Abstract

The authors reviewed 89 patients treated for cerebellar medulloblastoma between 1970 and 1989 to determine the impact of changing treatment (high-dose posterior fossa radiation therapy and chemotherapy) on the pattern of failure in medulloblastoma. Between 1970 and 1983, 50 patients (median follow-up, 110 months) were treated with surgery and postoperative craniospinal irradiation (CSI). Nineteen of the 50 (38%) recurred in the central nervous system (CNS). Isolated systemic (bone) metastases occurred in six. The median time to the development of bone metastases was 12 months. Since 1984, 39 patients (median follow-up, 27 months) were treated with preradiation chemotherapy consisting of cisplatin and vincristine for 9 weeks before initiation of CSI. Nine of the 39 (23%) patients recurred in the CNS. There were no systemic failures in this cohort. The actuarial 5-year disease-free survival was 55 +/- 7% for the earlier cohort and 72 +/- 8% for the later cohort (P equals 0.3). Posterior fossa recurrence was associated with radiation therapy to this area.
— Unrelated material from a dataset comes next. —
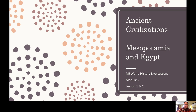Hello, everyone. Welcome to our live lesson for today. Today we're going to be talking about the ancient civilizations of Mesopotamia and Egypt. For you, that would be lesson 2.01 and 2.02. At the end of the lesson, we'll briefly talk about what you should be doing for lesson 2.02, the one about ancient Egypt.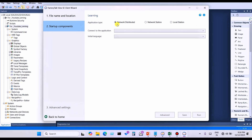In Step 2, the Startup Component, you can see the application type. There are three options: Network Distribution, Network Station, and Local Station. If you developed SCADA in network distribution, choose Network Distribution. If in network station, choose Network Station. For local station, choose Local Station. Most SCADA projects I create are in local station, so I am selecting Local Station.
The cumulative incidence of posterior fossa relapse was 50 +/- 13% in patients who received less than 5300 cGy and 18 +/- 7% in those who received 5300 cGy or more (P equals 0.005). All six bone relapses were in patients treated with CSI alone and 5300 cGy or more to the posterior fossa for a 5-year cumulative incidence of bone metastases of 18 +/- 7% compared with 0% for patients treated with 5300 cGy or more and chemotherapy (P equals 0.03). The authors concluded that high-dose radiation therapy has altered the pattern of relapse with an increase in systemic recurrence after radiation therapy alone that is now equivalent to the risk of recurrence in the posterior fossa. Chemotherapy may be indicated in an attempt to decrease this high risk of systemic metastases.